Personal information
- Full name: Josefina O’Farrill Fonseca
- Born: 9 December 1963 (age 61) Cerro, Havana, Cuba
- Height: 1.84 m (6 ft 0 in)

Volleyball information
- Position: Setter
- Number: 11

National team
| 1982–1990 | Cuba |

Honours
Women's volleyball
Representing Cuba
World Championship
| Silver medal – second place | 1986 Czechoslovakia | Team |
FIVB World Cup
| Gold medal – first place | 1989 Japan |  |
| Silver medal – second place | 1985 Japan |  |
Friendship Games
| Gold medal – first place | 1984 Varna |  |
Pan American Games
| Gold medal – first place | 1983 Caracas | Team |
| Gold medal – first place | 1987 Indianapolis | Team |

= Josefina O'Farrill =

Cuban volleyball player

Josefina O'Farrill (born 9 December 1963) is a Cuban former volleyball player who played on the Cuban women's national volleyball team.
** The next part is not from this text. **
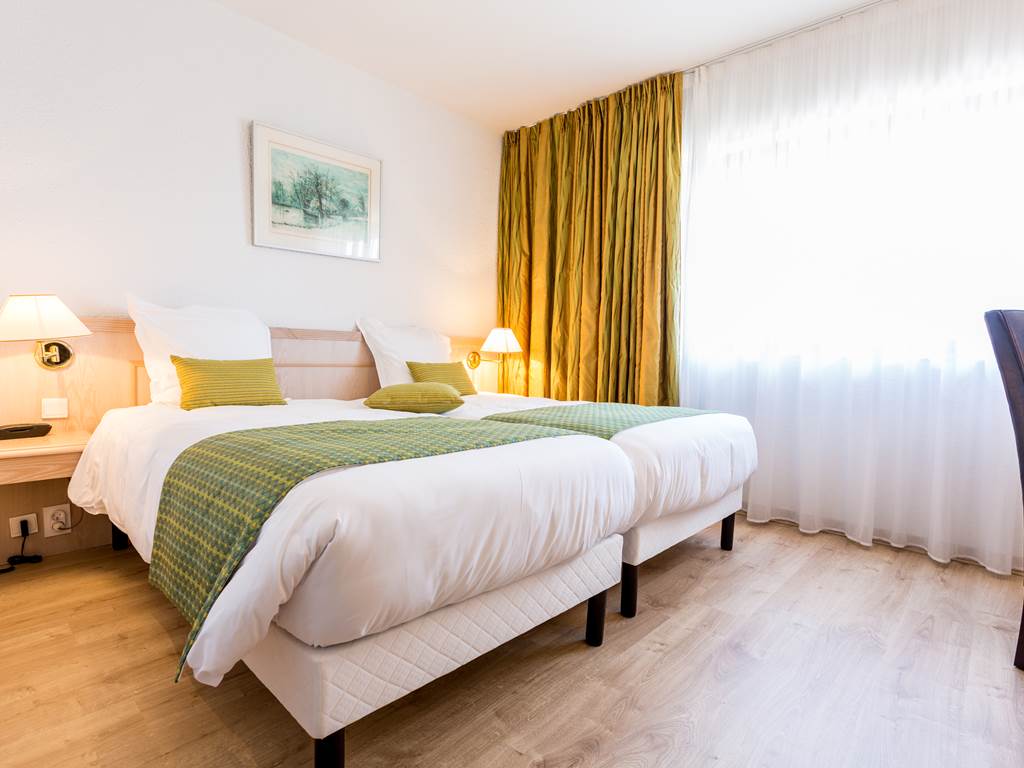 chambre confort 2 lits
While representing Cuba, O'Farrill won gold medals at the 1983 Pan American Games in Caracas and the 1987 Pan American Games in Indianapolis, as well as at the 1989 FIVB World Cup in Japan. She also won a silver medal with the Cuban team at the 1986 FIVB World Championship in Czechoslovakia. She was a setter.